Sebagaimana disebutkan di atas, waktu adalah modal, dan mata rantai dari masa kini dan masa mendatang. Ini melahirkan makna, bahwa waktu merupakan siklus yang saling terkait antara yang satu dengan yang lainnya. Kondisi itu juga memberi gambaran, kita tidak pernah tahu apa yang akan terjadi besok, sebagaimana firmanNya”…Dan tiada seorang pun yang dapat mengetahui (dengan pasti) apa yang akan di usahakannya besok.” (QS.31:34)
Dengan demikian, memanfaatkan waktu setiap kebaikan dalam tataran waktu merupakan bagian penting dalam menjalani proses hidup ini. Tiga tataran waktu yang kita miliki, waktu lalu, kini, dan mendatang harus menjadi pelengkap kebaikan. Bukan sebaliknya. Sebab, sebagaimana kita pahami, siklus kehidupan terasa begitu cepat berubah. Kondisi ini, tentu menjadi pemicu agar kita tidak termasuk orang –orang yang lalai sebagaimana Al-Quran mensinyalir, “ Ketahuilah bahwa sesungguhnya kehidupan dunia ini hanyalah permainan dan suatu yang melalaikan, perhiasan dan bermegah-megahan antara kamu serta berbangga-banggaan tentang banyaknya harta dan anak..Dan kehidupan dunia ini tidak lain hanyalah kesenangan yang menipu. “ ( QS.57:20).

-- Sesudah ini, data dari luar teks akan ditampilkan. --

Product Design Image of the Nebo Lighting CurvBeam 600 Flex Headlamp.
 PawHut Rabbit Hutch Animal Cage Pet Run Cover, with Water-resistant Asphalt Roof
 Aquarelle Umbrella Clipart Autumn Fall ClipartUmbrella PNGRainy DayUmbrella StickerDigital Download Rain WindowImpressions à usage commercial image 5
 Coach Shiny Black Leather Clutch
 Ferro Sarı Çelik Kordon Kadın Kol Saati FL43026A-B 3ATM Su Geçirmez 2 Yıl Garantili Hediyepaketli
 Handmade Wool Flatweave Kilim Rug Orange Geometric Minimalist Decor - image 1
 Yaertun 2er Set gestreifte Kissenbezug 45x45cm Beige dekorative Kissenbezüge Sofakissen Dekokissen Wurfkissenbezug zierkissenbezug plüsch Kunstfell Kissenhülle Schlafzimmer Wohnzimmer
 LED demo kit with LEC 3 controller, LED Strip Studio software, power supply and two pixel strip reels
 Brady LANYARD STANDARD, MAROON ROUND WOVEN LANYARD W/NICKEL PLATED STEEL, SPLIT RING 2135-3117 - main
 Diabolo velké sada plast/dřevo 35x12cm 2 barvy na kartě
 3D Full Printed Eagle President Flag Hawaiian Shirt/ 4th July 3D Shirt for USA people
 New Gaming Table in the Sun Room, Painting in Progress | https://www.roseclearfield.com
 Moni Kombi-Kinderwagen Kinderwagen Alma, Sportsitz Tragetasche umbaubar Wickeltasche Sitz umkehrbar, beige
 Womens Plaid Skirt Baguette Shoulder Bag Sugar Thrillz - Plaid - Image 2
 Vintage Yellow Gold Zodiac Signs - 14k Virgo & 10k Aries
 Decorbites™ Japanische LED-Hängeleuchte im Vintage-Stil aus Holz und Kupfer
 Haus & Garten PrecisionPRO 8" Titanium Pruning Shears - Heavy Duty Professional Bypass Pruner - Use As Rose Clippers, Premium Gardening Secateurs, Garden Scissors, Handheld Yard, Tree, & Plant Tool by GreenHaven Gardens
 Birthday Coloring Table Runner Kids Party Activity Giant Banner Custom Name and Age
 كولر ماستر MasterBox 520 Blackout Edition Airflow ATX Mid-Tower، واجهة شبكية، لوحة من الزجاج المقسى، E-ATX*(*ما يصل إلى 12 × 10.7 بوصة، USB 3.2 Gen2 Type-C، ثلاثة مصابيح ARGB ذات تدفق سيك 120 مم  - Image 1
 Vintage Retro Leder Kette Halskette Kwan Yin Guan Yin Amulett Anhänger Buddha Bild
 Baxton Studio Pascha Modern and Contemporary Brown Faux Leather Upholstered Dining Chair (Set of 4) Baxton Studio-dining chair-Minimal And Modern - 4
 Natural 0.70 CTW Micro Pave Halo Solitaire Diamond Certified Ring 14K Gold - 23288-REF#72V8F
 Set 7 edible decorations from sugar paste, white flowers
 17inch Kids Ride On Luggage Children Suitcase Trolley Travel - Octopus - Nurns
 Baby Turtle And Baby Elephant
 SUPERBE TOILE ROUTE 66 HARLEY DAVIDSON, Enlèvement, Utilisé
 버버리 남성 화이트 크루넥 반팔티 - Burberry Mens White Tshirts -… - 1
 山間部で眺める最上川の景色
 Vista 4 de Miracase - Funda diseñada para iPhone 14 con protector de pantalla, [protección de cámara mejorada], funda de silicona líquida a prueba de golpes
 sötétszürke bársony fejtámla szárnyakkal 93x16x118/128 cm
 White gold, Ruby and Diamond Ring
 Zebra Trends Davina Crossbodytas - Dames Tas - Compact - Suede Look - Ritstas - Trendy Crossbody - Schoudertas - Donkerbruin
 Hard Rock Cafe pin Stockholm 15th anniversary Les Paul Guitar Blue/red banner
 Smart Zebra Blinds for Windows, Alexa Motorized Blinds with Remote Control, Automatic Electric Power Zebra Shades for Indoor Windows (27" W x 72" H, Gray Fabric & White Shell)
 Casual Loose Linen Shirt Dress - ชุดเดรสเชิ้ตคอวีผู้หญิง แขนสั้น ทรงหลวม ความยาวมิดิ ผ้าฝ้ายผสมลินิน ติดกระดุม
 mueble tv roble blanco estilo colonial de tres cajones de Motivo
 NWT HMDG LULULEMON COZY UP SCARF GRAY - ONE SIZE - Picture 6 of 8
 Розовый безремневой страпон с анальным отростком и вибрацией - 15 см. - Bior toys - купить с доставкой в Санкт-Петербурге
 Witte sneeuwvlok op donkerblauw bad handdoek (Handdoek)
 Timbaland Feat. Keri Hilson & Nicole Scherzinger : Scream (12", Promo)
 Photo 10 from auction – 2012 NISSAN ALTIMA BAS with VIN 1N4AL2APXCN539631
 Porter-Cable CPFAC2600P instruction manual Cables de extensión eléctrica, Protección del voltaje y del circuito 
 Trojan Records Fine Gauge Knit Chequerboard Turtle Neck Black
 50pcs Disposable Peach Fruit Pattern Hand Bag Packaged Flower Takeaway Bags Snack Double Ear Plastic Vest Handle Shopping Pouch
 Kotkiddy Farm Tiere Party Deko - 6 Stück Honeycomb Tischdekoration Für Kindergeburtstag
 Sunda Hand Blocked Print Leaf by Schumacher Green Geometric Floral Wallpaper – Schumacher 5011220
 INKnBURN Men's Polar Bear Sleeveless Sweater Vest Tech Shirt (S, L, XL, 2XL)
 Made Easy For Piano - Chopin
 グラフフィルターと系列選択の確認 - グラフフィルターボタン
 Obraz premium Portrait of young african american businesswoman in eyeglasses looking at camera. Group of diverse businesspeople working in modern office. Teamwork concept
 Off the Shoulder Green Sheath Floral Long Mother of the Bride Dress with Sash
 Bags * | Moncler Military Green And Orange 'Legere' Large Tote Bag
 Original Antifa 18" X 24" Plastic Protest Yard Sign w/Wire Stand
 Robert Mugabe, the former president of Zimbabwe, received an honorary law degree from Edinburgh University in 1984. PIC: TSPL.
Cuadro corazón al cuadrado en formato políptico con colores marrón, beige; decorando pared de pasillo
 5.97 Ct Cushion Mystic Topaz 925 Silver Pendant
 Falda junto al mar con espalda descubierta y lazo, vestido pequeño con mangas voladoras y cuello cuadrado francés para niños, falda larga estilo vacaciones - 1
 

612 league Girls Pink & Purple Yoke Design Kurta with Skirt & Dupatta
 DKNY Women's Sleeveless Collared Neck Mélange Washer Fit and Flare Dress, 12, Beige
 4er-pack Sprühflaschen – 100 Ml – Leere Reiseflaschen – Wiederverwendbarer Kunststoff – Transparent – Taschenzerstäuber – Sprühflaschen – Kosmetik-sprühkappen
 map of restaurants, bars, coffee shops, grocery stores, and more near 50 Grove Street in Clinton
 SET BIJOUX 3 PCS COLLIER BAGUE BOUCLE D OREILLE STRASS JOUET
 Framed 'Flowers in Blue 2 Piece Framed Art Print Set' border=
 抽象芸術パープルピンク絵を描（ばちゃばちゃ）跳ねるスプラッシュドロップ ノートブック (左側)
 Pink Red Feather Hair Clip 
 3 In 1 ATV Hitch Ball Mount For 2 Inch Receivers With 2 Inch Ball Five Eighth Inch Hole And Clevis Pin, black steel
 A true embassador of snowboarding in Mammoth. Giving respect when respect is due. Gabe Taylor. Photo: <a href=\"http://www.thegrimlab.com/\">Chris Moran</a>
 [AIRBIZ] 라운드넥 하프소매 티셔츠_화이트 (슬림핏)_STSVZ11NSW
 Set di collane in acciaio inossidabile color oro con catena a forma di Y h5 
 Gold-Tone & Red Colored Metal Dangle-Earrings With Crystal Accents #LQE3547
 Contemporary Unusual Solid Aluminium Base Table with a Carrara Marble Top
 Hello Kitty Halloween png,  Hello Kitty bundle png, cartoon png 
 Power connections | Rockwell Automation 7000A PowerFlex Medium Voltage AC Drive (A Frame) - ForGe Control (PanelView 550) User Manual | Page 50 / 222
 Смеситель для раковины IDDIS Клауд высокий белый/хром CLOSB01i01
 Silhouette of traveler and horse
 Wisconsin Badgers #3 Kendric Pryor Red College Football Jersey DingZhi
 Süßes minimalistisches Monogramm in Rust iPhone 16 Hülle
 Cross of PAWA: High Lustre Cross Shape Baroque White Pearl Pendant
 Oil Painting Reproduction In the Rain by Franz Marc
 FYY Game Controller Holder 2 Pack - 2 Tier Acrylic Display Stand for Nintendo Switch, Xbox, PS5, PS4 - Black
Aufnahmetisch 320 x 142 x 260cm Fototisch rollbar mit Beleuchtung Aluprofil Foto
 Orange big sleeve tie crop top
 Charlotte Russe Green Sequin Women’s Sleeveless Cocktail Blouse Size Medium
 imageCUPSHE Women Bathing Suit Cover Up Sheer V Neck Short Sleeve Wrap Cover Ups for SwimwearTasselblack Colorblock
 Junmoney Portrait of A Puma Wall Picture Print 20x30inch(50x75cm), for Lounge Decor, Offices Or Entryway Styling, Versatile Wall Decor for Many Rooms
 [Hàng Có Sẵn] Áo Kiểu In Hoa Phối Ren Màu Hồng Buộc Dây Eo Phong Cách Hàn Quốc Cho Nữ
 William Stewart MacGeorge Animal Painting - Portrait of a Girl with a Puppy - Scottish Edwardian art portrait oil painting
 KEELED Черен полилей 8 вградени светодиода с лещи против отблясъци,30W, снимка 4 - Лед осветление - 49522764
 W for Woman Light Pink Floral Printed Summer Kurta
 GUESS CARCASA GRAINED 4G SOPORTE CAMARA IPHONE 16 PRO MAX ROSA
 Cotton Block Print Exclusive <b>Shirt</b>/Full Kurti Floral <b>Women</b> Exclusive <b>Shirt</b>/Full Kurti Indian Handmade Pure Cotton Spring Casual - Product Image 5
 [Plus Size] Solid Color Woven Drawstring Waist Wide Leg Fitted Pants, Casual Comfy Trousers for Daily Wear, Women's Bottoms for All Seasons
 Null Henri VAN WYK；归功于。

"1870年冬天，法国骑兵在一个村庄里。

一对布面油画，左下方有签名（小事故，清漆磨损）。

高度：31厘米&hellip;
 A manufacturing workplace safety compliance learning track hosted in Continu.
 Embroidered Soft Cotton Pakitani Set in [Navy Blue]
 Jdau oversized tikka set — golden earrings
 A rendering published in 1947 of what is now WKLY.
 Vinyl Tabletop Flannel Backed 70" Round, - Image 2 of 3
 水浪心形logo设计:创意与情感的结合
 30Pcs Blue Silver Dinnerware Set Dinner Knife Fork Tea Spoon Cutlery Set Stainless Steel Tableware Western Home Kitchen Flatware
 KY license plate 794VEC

Seiring dengan ungkapan di atas, Ali bin Abi Thalib RA mengemukakan,
“ Rezeki yang tidak di peroleh hari ini, masih dapat di harapkan perolehannya lebih banyak di hari esok, tetapi waktu yang berlalu hari ini tidak mungkin kembali esok.. “
Bermuara dari ungkapan diatas, kita pahami bahwa memanfaatkan waktu sebaik mungkin merupakan tugas utama kita. Mengabaikan waktu, menelantarkannya dan mengangap remeh nilai yang terkandung dalam waktu merupakan tanda-tanda kerugian yang nyata. Rasulullah SAW, bersabda : “ Dua nikmat yang sering dan disia-siakan oleh banyak orang yakni nikmat sehat dan kesempatan (waktu)” (HR. Bukhari)
Sebagai penutup, Malik bin Nabi dalam Syuruth An-Nahdhah pernah berujar,
“ Tidak terbit fajar suatu hari, kecuali dia berseru. Putra-putri adam, aku waktu, aku ciptaan baru yang menjadi saksi usahamu. Gunakan aku, karena aku tidak akan kembali lagi sampai hari kiamat. “ Kemudian Malik bin Nabi melanjutkan, “ Waktu adalah sungai yang mengalir ke seluruh penjuru sejak dahulu kala, melintasi pulau, kota dan desa, membangkitkan semangat atau meninabobokan manusia. Ia diam seribu bahasa, sampai-sampai manusia sering tidak menyadari kehadiran waktu dan melupakan nilainya walaupun segala sesuatu-selain Allah –tidak akan mampu melepaskan diri darinya.”